──────── ENTRIES PROVIDED

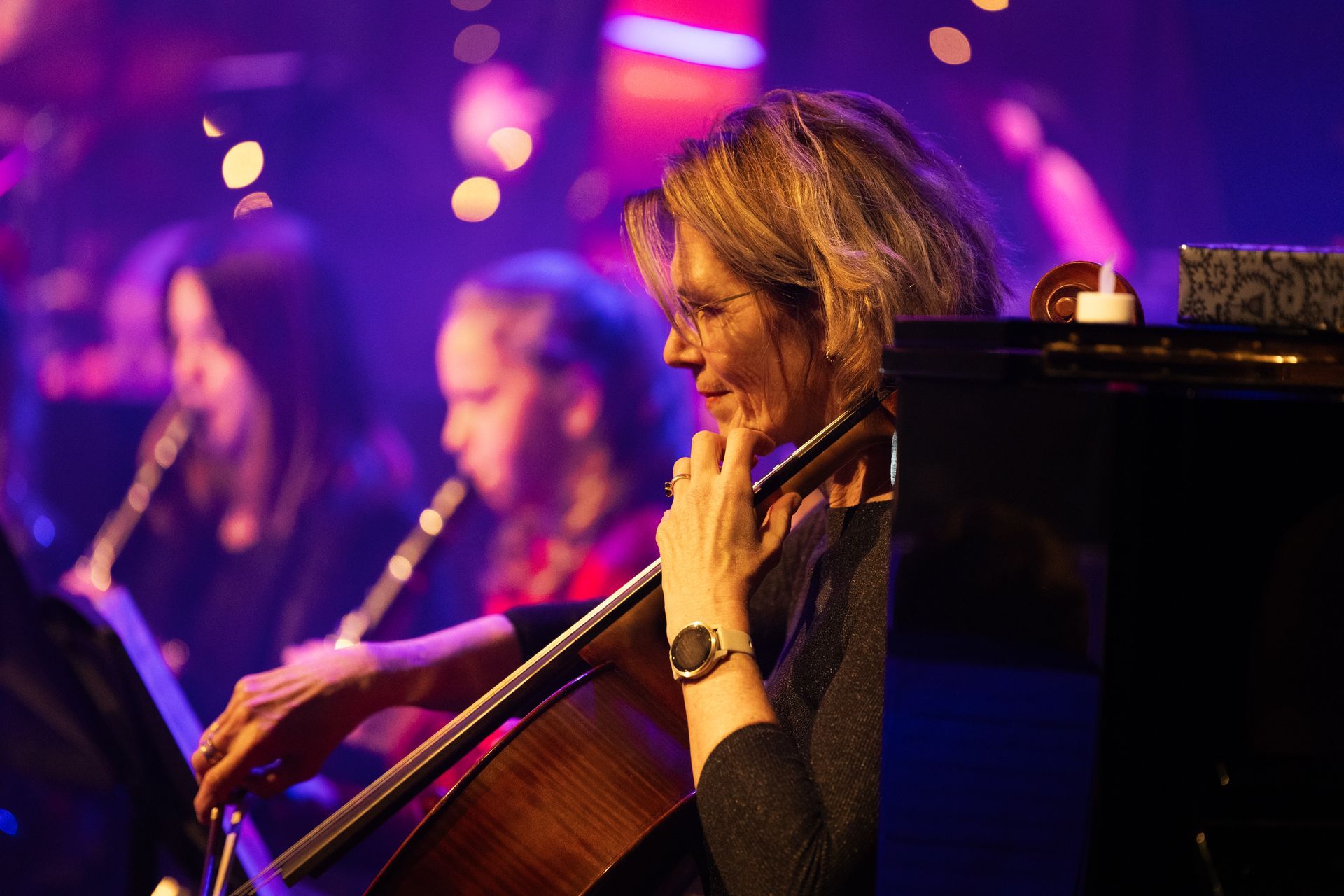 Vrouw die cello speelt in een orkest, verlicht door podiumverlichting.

────────────────
──────── ENTRIES PROVIDED

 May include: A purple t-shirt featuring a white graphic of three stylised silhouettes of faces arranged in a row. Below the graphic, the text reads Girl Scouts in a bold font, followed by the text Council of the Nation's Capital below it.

────────────────
──────── ENTRIES PROVIDED

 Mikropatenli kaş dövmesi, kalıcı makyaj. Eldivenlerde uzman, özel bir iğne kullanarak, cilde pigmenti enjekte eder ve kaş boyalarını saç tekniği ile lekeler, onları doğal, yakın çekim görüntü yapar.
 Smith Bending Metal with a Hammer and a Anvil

────────────────

#### THE TASK
Go through the listing above and write out exactly the lines starting with the one holding "Mikropatenli kaş dövmesi, kalıcı" and running through the one holding "Smith Bending Metal", ends included, and no others.

#### FINAL ANSWER
 Mikropatenli kaş dövmesi, kalıcı makyaj. Eldivenlerde uzman, özel bir iğne kullanarak, cilde pigmenti enjekte eder ve kaş boyalarını saç tekniği ile lekeler, onları doğal, yakın çekim görüntü yapar.
 Smith Bending Metal with a Hammer and a Anvil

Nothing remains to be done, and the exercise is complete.